Scraped caption text data>
╔══
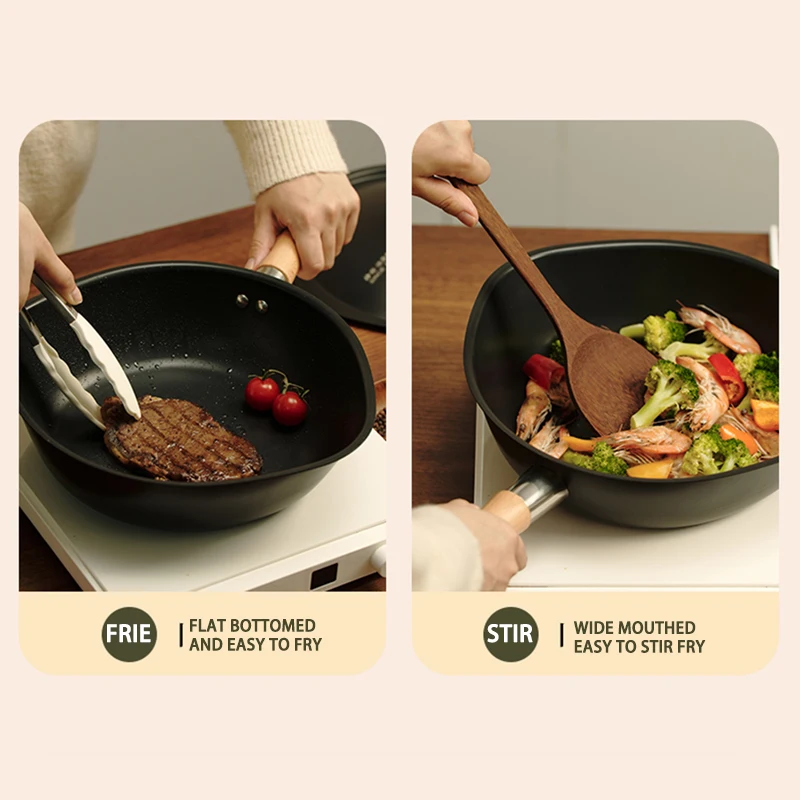 Flat Bottom Titanium Alloy Wok Pan Non Stick Utensils Kitchen Set Cooking Soup Pot
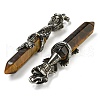 Natural Tiger Eye Faceted Double Termimal Pointed Big Pendants G-P547-03AS-02-2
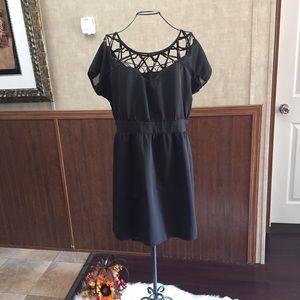 Silence + Noise Cage Cutout Black Dress Sz L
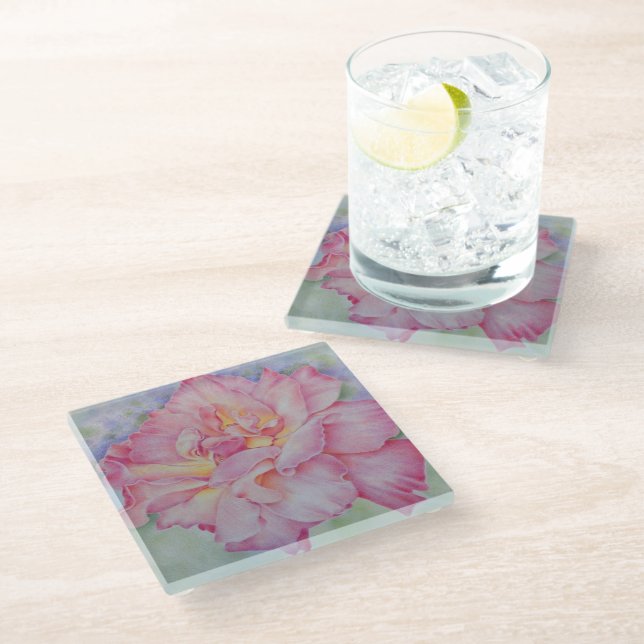 Pink Rose Glass Coaster (Angled)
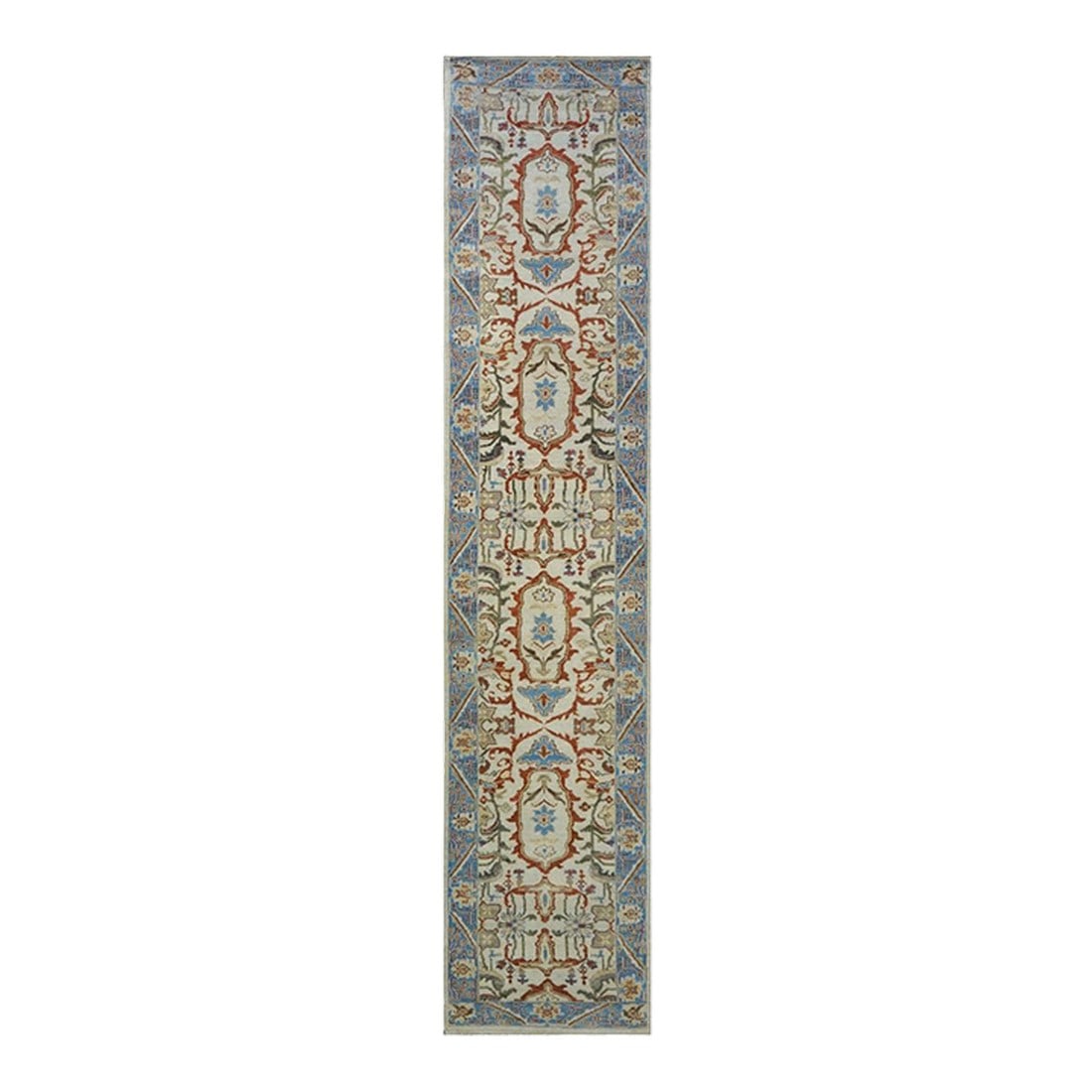 Afghan Sultanabad Masters Wool 3X14 Ivory, Blue & Rust Handmade Runner Rug #1143751: Afghan Sultanabad Masters Wool 3X14 Ivory, Blue & Rust Handmade Runner Rug #1143751 Condition: Imperfections: No Imperfections Condition Notes: New Dimensions: Height: 0.25 in. Width: 25.2 in.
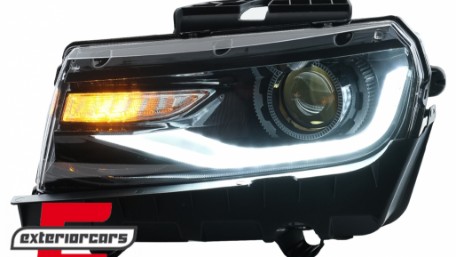 Prednja svjetla LED DRL SEQ žmigavci Facelift 2016 look (crna) / Chevrolet Camaro Mk5 Facelift (2013-2015), LPCT15
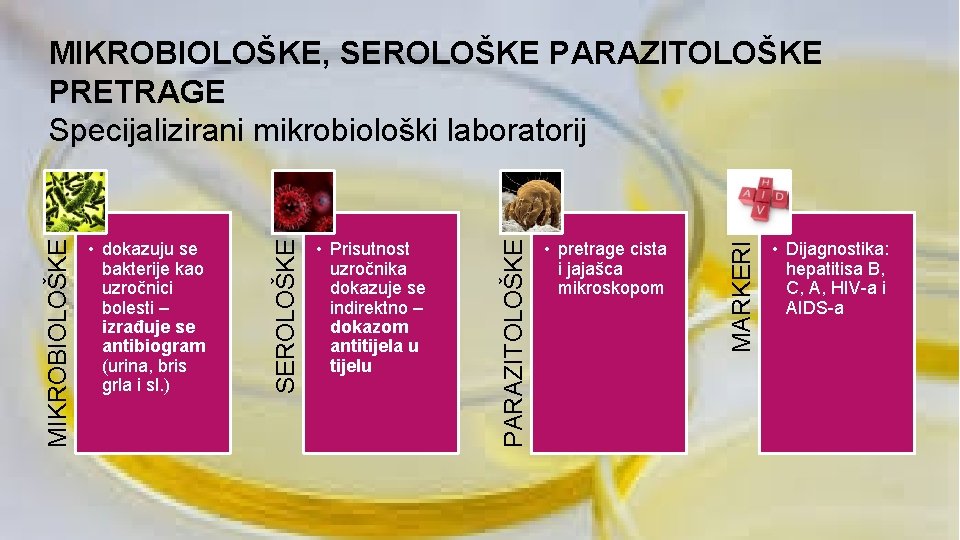  • pretrage cista i jajašca mikroskopom MARKERI • Prisutnost uzročnika dokazuje se indirektno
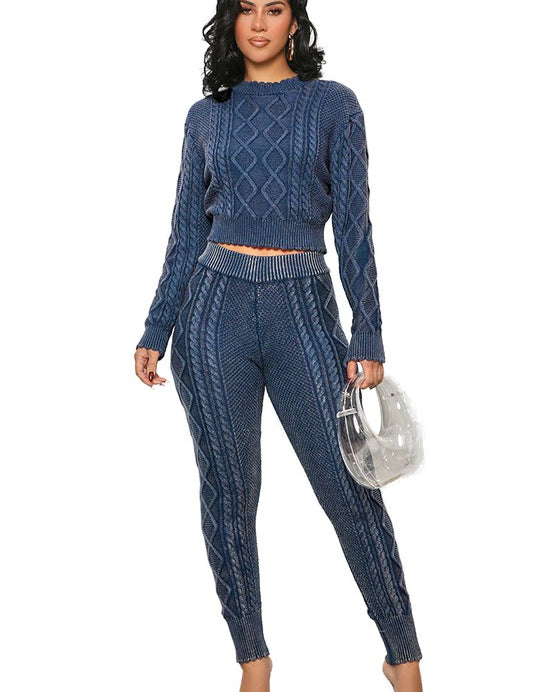 Women's Long Sleeve Sweater and Elastic Waist Pants Set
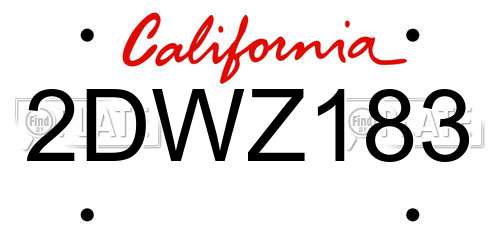 2DWZ183 California License Plate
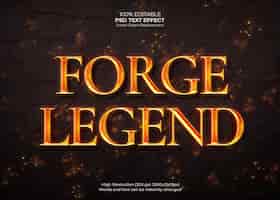 PSD gratuito forge legend text effect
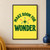 Bold green “MAKE ROOM FOR WONDER” lettering with a starburst, blue dots and coral strokes on a yellow portrait background.; frame shown for styling only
╚══
What is expected> Copy only what lies between the line with "Silence + Noise Cage Cutout Black Dress Sz L" and the line with "Pink Rose Glass Coaster (Angled)", those two lines included, exactly as given above; pictures stay out.

Task response>
 Silence + Noise Cage Cutout Black Dress Sz L
 Pink Rose Glass Coaster (Angled)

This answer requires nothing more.